Exercise inputs -
▼

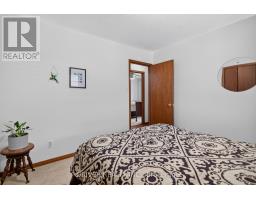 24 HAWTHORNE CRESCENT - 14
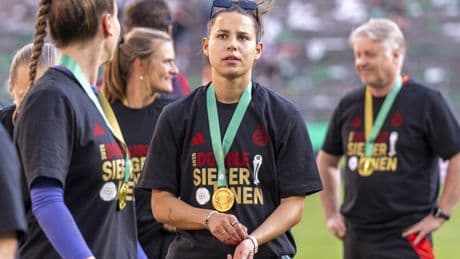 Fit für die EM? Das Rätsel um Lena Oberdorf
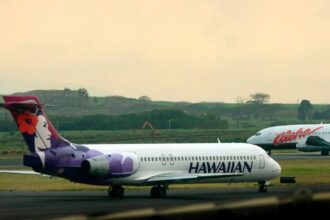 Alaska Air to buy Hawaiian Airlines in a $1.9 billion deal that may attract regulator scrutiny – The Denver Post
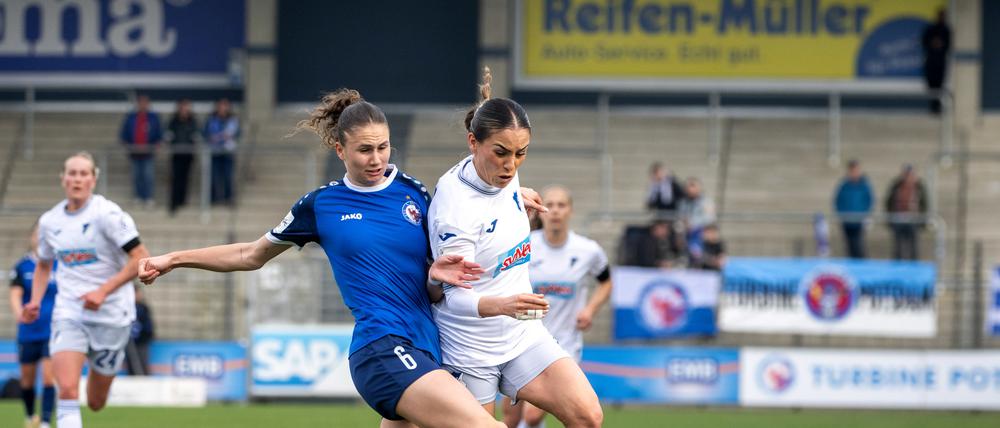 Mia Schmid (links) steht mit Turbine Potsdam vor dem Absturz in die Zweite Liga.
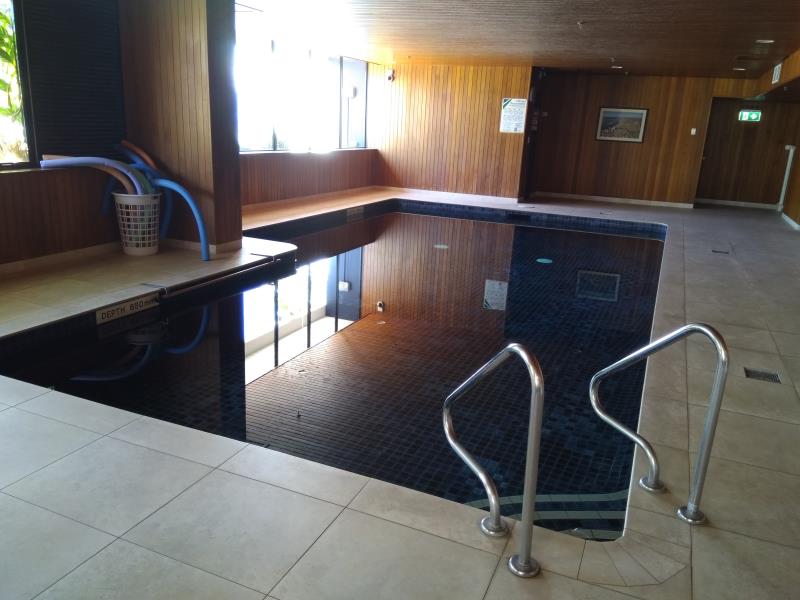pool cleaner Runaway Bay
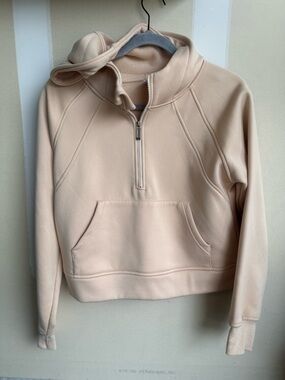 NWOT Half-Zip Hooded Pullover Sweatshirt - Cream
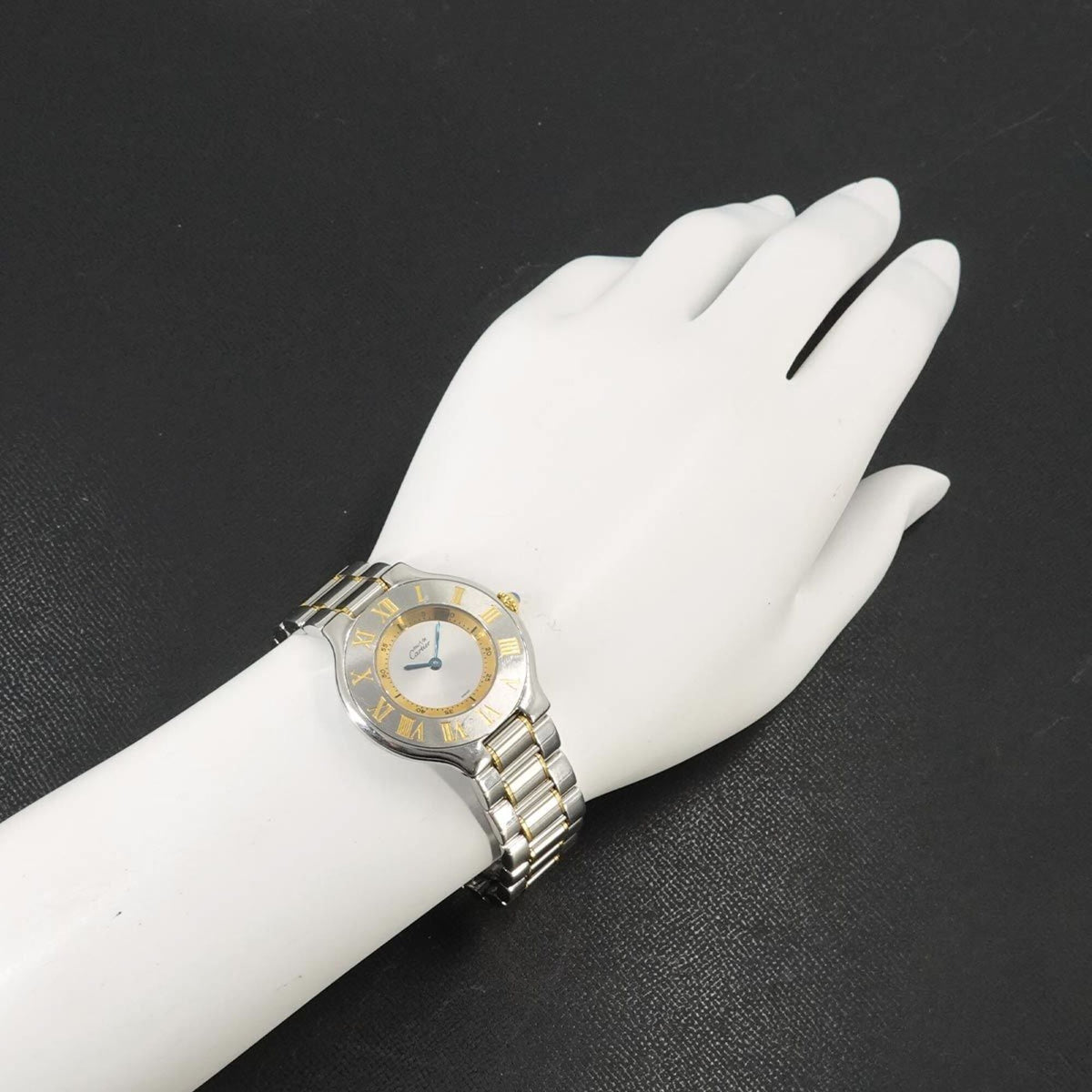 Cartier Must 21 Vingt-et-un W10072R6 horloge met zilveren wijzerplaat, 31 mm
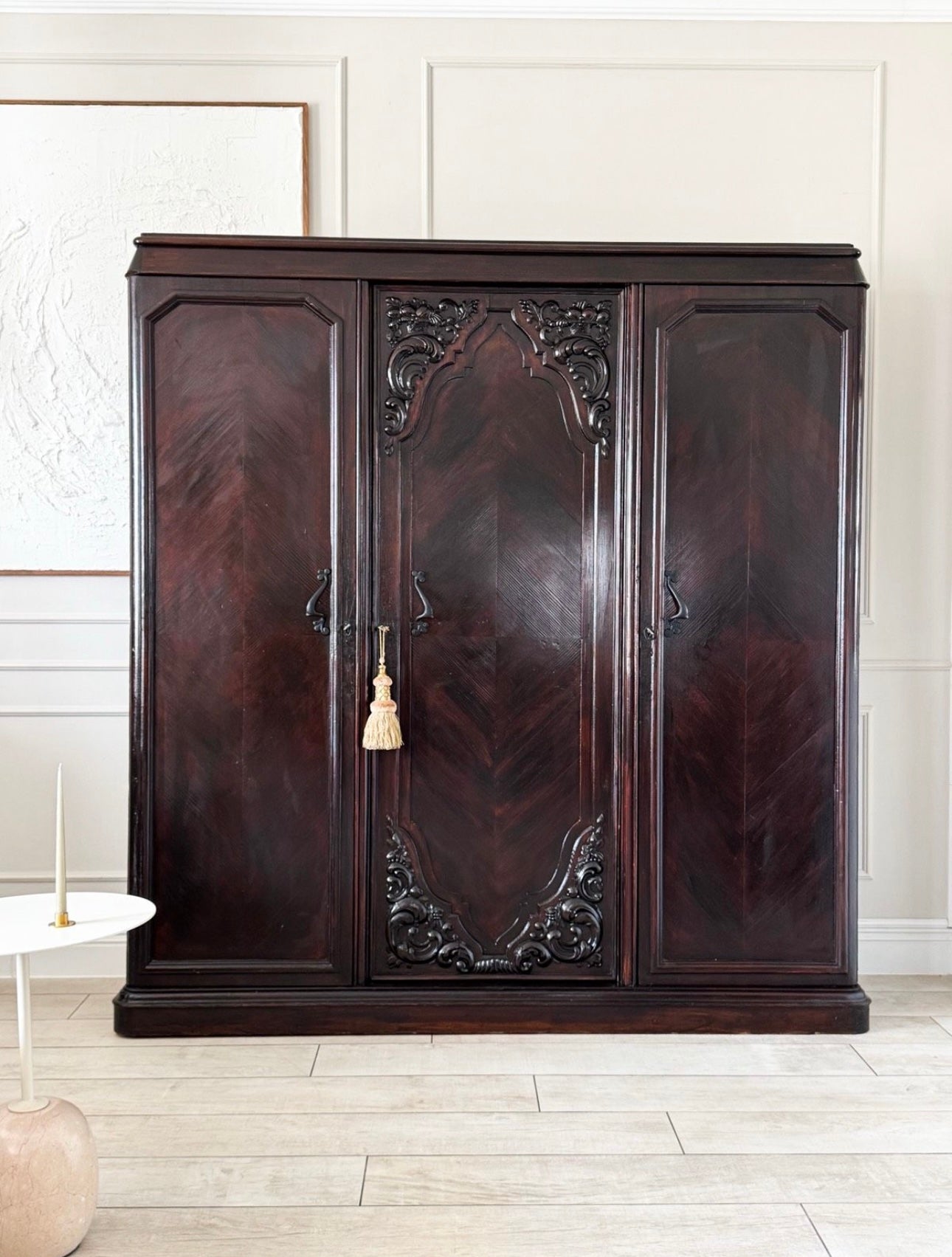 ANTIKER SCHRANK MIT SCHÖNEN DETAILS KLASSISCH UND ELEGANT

▲
▼

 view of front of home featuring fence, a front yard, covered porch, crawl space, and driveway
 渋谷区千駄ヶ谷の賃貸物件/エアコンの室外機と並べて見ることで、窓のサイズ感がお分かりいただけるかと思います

▲

What to work on - From the listing above, restate verbatim the lines running from the one with "pool cleaner Runaway Bay" through the one with "ANTIKER SCHRANK MIT", inclusive, but not the pictures.

Task response -
pool cleaner Runaway Bay
 NWOT Half-Zip Hooded Pullover Sweatshirt - Cream
 Cartier Must 21 Vingt-et-un W10072R6 horloge met zilveren wijzerplaat, 31 mm
 ANTIKER SCHRANK MIT SCHÖNEN DETAILS KLASSISCH UND ELEGANT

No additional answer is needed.